Saw what was supposedly to be identified as "Champ" when working for the Town of Moriah Youth Commission in the summer of 1977. Mid afternoon we had the kids in the water at Sandy Beach in the south end of Port Henry on Bulwagga Bay. Myself and two other friends of mine were chest deep at the head of the oldest group of kids beyond the then roped off area and all of a sudden from shore two of our female co-leaders were screaming and pointing, "get the kids out of the water, look out!" I looked to where they were pointing, up to the north end of the bay where the municipal beach was, and I spotted a long black figure swimming totally underwater coming towards our group. It looked like someone was dragging a 15-18 foot log through the water. I had seen lake sturgeon before, fishing with my grandfather on the lake, but this one was fairly long. No head out of the water, no identifying characteristics as many "Champ" observers have described seeing. My buddies said, "I'm getting out of here" but I said, "Stay. It'll swim towards the bridge before it gets to us." Sure enough about 40 feet from us it veered off towards the bridge to Vermont and deeper water and swam away. No head out of the water, no fins above water, it was definitely, to my minds eye, a sturgeon. On shore the kids were yelling, hollering while we were laughing and our bus drive, Ray "Grinny" Weston was laughing his head off! Grinny said, "What in the hell did you scare those kids for" to the female attendants with us and he looked at me Craig, and Kevin and said, "what was it guys? A big fish right?" I nodded my head and we laughed even harder. Everyone but the four of us were convinced they had seen "Champ".

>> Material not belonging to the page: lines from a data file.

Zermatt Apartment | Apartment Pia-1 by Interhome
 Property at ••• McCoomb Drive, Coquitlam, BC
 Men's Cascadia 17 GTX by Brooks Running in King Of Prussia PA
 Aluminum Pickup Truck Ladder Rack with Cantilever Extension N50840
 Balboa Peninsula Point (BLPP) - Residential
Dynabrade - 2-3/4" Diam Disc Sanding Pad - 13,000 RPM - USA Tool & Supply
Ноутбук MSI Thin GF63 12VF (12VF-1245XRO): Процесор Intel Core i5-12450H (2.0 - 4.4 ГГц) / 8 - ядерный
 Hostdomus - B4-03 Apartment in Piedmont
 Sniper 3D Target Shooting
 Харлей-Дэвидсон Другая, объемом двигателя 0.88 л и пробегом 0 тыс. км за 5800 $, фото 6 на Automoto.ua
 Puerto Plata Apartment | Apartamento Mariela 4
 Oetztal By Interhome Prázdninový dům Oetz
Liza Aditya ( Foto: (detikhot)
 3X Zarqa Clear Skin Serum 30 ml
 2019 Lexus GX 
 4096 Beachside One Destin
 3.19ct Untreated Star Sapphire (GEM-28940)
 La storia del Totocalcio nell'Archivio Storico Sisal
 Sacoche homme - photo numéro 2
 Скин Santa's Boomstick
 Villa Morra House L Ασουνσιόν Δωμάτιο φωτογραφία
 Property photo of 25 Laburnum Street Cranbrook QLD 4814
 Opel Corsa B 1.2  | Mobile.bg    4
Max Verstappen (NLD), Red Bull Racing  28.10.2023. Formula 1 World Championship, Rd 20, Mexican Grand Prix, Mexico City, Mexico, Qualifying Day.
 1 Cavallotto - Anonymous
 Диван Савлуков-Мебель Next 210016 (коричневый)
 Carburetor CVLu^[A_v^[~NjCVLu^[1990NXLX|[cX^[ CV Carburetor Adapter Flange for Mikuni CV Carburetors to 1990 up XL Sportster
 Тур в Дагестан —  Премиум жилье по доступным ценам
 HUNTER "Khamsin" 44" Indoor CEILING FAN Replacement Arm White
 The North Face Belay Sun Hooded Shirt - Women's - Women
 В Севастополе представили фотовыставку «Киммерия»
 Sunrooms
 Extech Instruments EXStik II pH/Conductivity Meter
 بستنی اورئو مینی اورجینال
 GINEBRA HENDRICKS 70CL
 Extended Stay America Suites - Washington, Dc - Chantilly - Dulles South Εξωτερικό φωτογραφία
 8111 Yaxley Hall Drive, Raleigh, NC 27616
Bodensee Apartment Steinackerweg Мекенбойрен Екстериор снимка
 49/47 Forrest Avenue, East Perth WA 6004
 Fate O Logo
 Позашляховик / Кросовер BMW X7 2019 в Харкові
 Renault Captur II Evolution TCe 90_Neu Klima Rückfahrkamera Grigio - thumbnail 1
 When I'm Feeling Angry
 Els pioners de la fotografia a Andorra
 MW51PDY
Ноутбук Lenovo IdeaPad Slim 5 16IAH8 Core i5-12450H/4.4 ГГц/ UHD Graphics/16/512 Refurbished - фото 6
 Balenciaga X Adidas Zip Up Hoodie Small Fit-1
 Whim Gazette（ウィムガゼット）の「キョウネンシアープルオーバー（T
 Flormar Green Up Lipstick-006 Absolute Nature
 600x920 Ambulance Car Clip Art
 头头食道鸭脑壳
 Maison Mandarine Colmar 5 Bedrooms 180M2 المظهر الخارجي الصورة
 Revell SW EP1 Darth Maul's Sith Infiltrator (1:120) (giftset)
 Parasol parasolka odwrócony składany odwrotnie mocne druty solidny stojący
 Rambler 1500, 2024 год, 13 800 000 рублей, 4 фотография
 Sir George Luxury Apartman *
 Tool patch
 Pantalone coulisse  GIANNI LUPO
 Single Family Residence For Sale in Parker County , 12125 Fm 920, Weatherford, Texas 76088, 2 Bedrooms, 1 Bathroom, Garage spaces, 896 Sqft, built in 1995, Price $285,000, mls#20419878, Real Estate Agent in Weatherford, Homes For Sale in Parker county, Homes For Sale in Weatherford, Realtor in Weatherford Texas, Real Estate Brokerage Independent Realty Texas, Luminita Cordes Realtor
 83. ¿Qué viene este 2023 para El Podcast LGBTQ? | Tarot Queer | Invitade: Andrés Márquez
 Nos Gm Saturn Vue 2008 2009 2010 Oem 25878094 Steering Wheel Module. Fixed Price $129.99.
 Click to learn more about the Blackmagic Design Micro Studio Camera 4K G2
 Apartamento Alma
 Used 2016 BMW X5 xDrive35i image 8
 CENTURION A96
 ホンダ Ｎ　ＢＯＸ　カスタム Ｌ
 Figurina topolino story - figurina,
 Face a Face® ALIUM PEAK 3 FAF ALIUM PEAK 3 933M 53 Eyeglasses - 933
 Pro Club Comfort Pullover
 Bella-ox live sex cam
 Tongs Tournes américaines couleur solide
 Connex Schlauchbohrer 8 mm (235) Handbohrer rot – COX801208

Later that day I asked my grandfather and my Uncle Gordon if sturgeon got that big and Gramp answered, "hell yeah, maybe even up to 20 feet or so." He explained that Lake Champlain is a very deep water, extremely cold lake even in the warm weather months. Sturgeon thrive in that type of conditions. Do I doubt the existence of the "Champ" creature? As a big sturgeon, sure! As a big pleisiosor, Nah!


There are a couple of people from Middlebury College that have been conducting a study on the possibility of the Lake Champlain monster. They use advanced side scan sonar to map the lake. The sonar is so detailed that logs and shipwrecks can be clearly identified in the lake. With such advanced equipment, they should surely be able to see evidence of Champ if he were really there. So far, nothing has been found to correlate Champ’s existence.


@dega2010: Yes, that is true. It was actually entitled “America’s Loch Ness Monster”. The team from Monster Quest wanted to take an in depth look at the lake monster called Champ. They did not find any conclusive evidence of the existence of Champ but they provided a lot of interesting information.

The team set up many land cameras near the spot of some of the sightings. The cameras rolled 24 hours a day. They also used two underwater cameras.

After many days and hundreds of hours of reviewed footage, they found no evidence of Champ.


Wasn't there an episode on the show Monster Quest where they investigated the Lake Champlain monster?